⚠️ Warnings
Hepatic impairment. Patients with severe hepatic impairment should have their liver enzyme levels monitored regularly, especially during long-term treatment. If liver enzyme levels increase, treatment with the medicinal product should be discontinued.
Combination therapy. When used as combination therapy, the instructions for use of the respective medicinal products should be followed.
Gastric malignancy. Symptomatic response to pantoprazole may mask the symptoms of gastric malignancy and delay their diagnosis. In the presence of alarm symptoms (e.g. significant weight loss, recurrent vomiting, dysphagia, haematemesis, anaemia, melaena), as well as when gastric ulcer is suspected or confirmed, the presence of a malignant process should be excluded.
If symptoms persist despite adequate treatment, further investigation should be considered.
HIV protease inhibitors. Concomitant use of pantoprazole with HIV protease inhibitors (such as atazanavir), whose absorption is dependent on intragastric pH, is not recommended due to a significant reduction in their bioavailability (see section "Interaction with other medicinal products and other forms of interaction").
Effect on vitamin B₁₂ absorption
Pantoprazole may reduce the absorption of vitamin B₁₂ (cyanocobalamin) due to hypo- or achlorhydria. This should be taken into account in patients with reduced body weight or risk factors for decreased vitamin B₁₂ (cyanocobalamin) absorption, especially during long-term treatment or in the presence of relevant clinical symptoms.
Long-term treatment. During long-term treatment, especially exceeding 1 year, patients should be kept under regular medical supervision.
Gastrointestinal infections caused by bacteria
Treatment with the medicinal product may slightly increase the risk of gastrointestinal infections caused by bacteria such as Salmonella and Campylobacter or C. difficile.
Hypomagnesaemia. Rare cases of severe hypomagnesaemia have been reported in patients treated with PPIs such as pantoprazole for at least 3 months, and in most cases for one year. Serious clinical manifestations of hypomagnesaemia, which may develop insidiously, include fatigue, tetany, delirium, convulsions, dizziness, and ventricular arrhythmia. Hypomagnesaemia may lead to hypocalcaemia and/or hypokalaemia (see section "Special warnings and precautions for use"). In cases of hypomagnesaemia (and hypocalcaemia and/or hypokalaemia associated with hypomagnesaemia), in most patients the condition improved after magnesium replacement therapy and discontinuation of PPI treatment.
For patients expected to be on prolonged treatment, or those taking PPIs concomitantly with digoxin or medicinal products that may cause hypomagnesaemia (e.g. diuretics), magnesium levels should be measured before initiating PPI therapy and periodically during treatment.
Bone fractures. Long-term treatment (more than 1 year) with high-dose proton pump inhibitors may moderately increase the risk of hip, wrist, and spine fractures, predominantly in elderly patients or in the presence of other risk factors. Observational studies suggest that PPI use may increase the overall risk of fractures by 10–40%. Some of this increase may be due to other risk factors. Patients at risk of developing osteoporosis should receive treatment in accordance with current clinical guidelines and should have adequate intake of vitamin D and calcium.

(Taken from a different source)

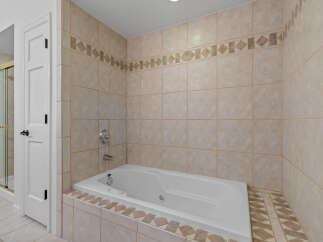 Indulge in relaxation with this luxurious jetted bathtub, perfect for unwinding after a long day.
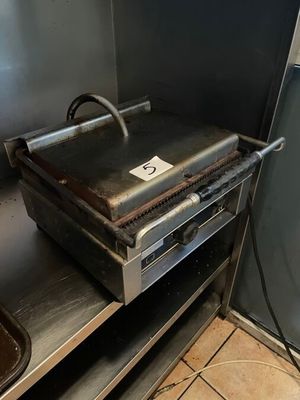 a grill that is sitting in the corner of a kitchen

Severe cutaneous adverse reactions (SCARs)
Severe cutaneous adverse reactions have been reported with the use of pantoprazole, including erythema multiforme, cases of Stevens-Johnson syndrome (SJS), toxic epidermal necrolysis (TEN), and drug reaction with eosinophilia and systemic symptoms (DRESS syndrome), which may be life-threatening or fatal. The frequency of these reactions is not known (see section "Adverse reactions").
When prescribing pantoprazole, patients should be informed about the signs and symptoms, and cutaneous reactions should be closely monitored. If symptoms suggestive of these severe cutaneous reactions appear, pantoprazole should be discontinued immediately and alternative treatment should be considered.
Subacute cutaneous lupus erythematosus. The use of proton pump inhibitors has been associated with very rare cases of subacute cutaneous lupus erythematosus. If lesions occur, especially in sun-exposed areas of the skin, accompanied by arthralgia, the patient should seek prompt medical attention, and the physician should consider whether discontinuation of Nolpaza® is necessary. The occurrence of subacute cutaneous lupus erythematosus during prior PPI therapy may increase the risk of its development with other proton pump inhibitors.
Effect on laboratory test results.
Elevated chromogranin A (CgA) levels may interfere with diagnostic investigations for neuroendocrine tumours. To avoid such interference, Nolpaza® treatment should be temporarily discontinued at least 5 days before CgA level assessment (see section "Pharmacodynamics"). If CgA and gastrin levels have not returned to the normal range after initial measurement, repeat measurements should be performed 14 days after discontinuation of PPI therapy.
Information regarding excipients
Nolpaza® contains sorbitol. Patients with rare hereditary fructose intolerance should not use this product.